Michael Weatherly talks Mark Harmon’s acting method in ‘NCIS’
Michael Weatherly explained that Mark Harmon — the man who made NCIS the powerhouse it has become — takes his work very seriously, and he is focused and calculative in his approach. Weatherly explained:
Mark’s a proper actor, he’s a craftsman. He takes it really seriously, like step by step by step. He doesn’t make a big deal about it either. He’d like stomp on my head for even talking about his process but I know that he’s very careful in executing each of those steps. And he doesn’t bother anybody about it, he’s just, “this is what I’m doing.”The Futon Critic
Mark Harmon is careful; each line, each gesture, each walk across the hall to deliver bad news is crafted and perfected. He is a “proper actor,” according to Weatherly’s description of such. And, though Weatherly goes on to explain that he used to boast a similar method, it didn’t bring him as much success as it brings Harmon. Weatherly learned to let loose with Tony DiNozzo; in previous roles, he noted that he may have seemed a little stiff behind the eyes, for he felt trapped behind certain characters.
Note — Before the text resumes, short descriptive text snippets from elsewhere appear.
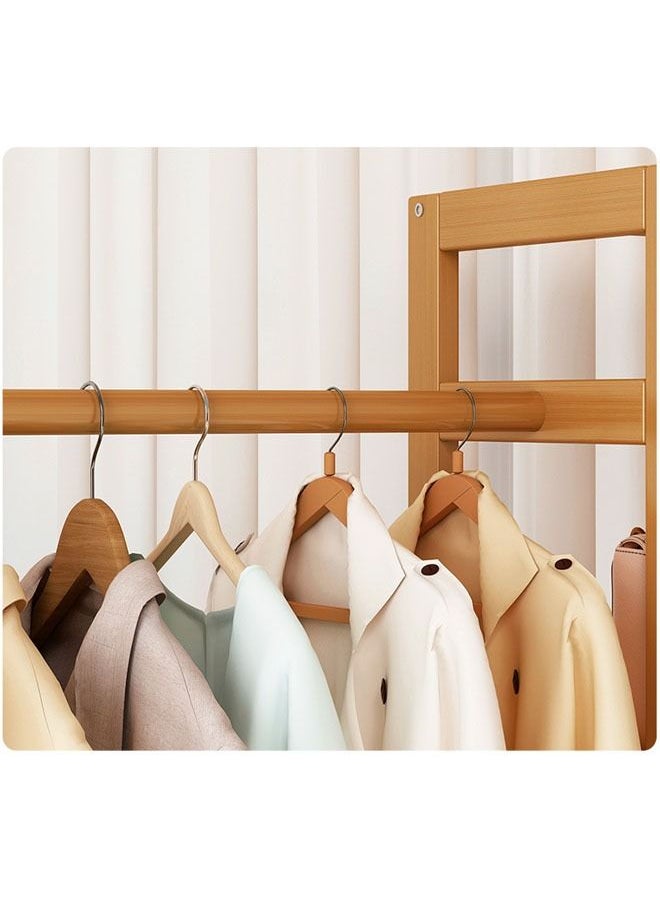 NKX - Heavy Duty Wooden Indoor Bedroom Clothes Coat Stand with Top Rod and Lower Storage Shelf Coat Rack with 5 layers Racks - Image 1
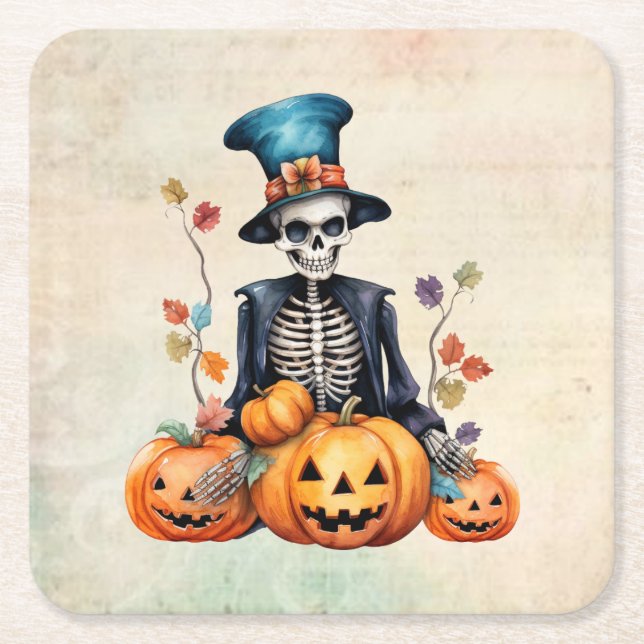 Colourful Halloween Skeleton Paper Coaster (Front)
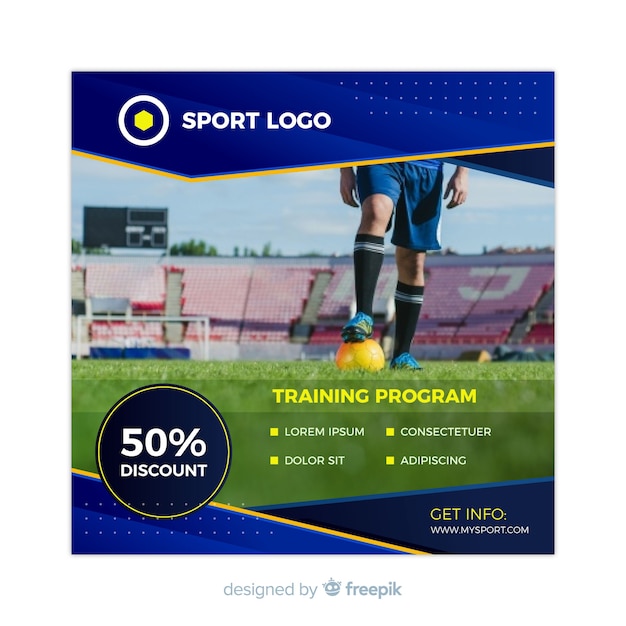 Sport banner template with photo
Michael Weatherly’s Tony is a bit more easy-going
Weatherly goes on to explain that, in previous roles, he felt like he was often reciting “technobabble” from a “hostage” situation; he explains that his voice was saying one thing, as his eyes were “screaming help me.” He didn’t want DiNozzo to have this vibe, so he brought a little bit of himself to the character.
Tony is lighter. He’s funny. No technobabble for Tony; instead, fans received poorly-timed quips and flirtatious banter with Ziva. Tony’s in a crime show, but does he know it? He’s a needed dose of comic relief, and he’s got a perfect character illustration for the jokester that is Michael Weatherly.
In the end, both Harmon and Weatherly have successful approaches for creating their respective characters. One is careful and calculative — in line with Gibbs — while the other is a bit more laid back, which is in line with DiNozzo.